Your goal:
Only the lines from the one containing "Vildsvin springer över viltbro." to the end of the data below belong in the answer, each repeated exactly; no pictures.

Given material:
· · ·

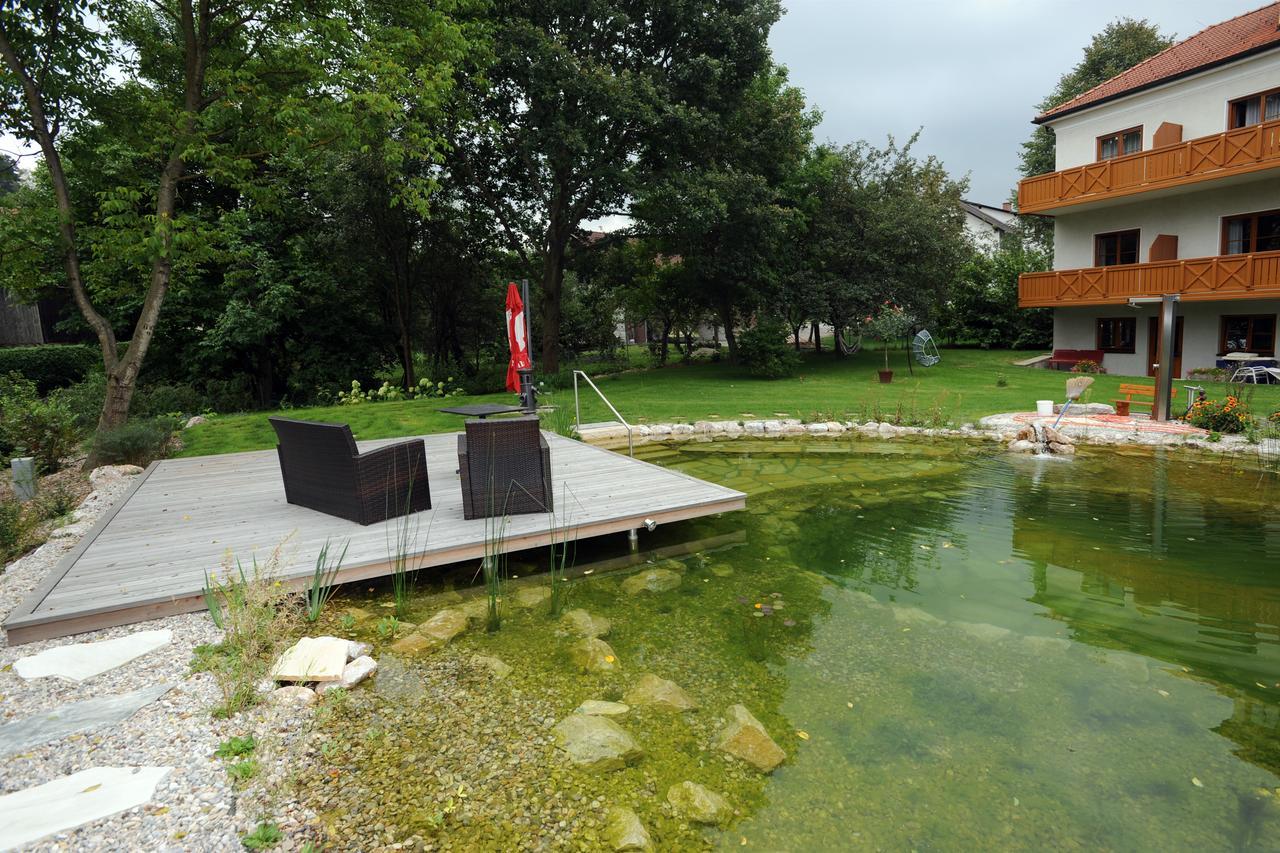 Hotel Geier Bad Schönau 外观 照片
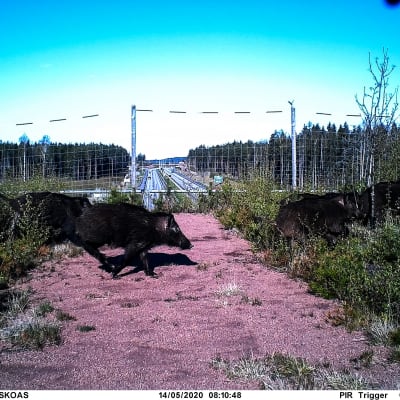 Vildsvin springer över viltbro.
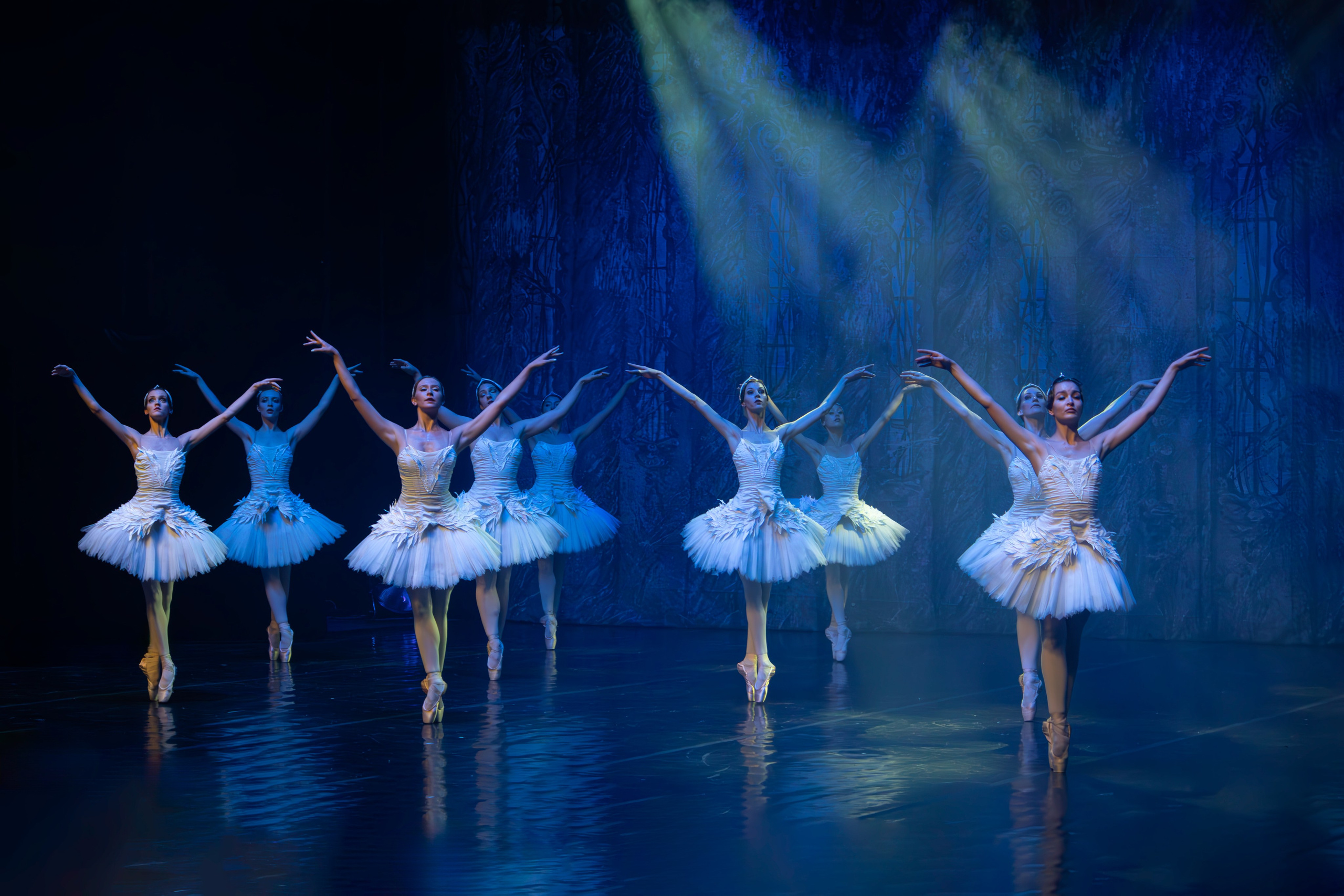 Лебединое озеро. Имперский русский балет. Фотограф в Нижнем Новгороде Екатерина Хисматулина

· · ·

Your response:
 Vildsvin springer över viltbro.
 Лебединое озеро. Имперский русский балет. Фотограф в Нижнем Новгороде Екатерина Хисматулина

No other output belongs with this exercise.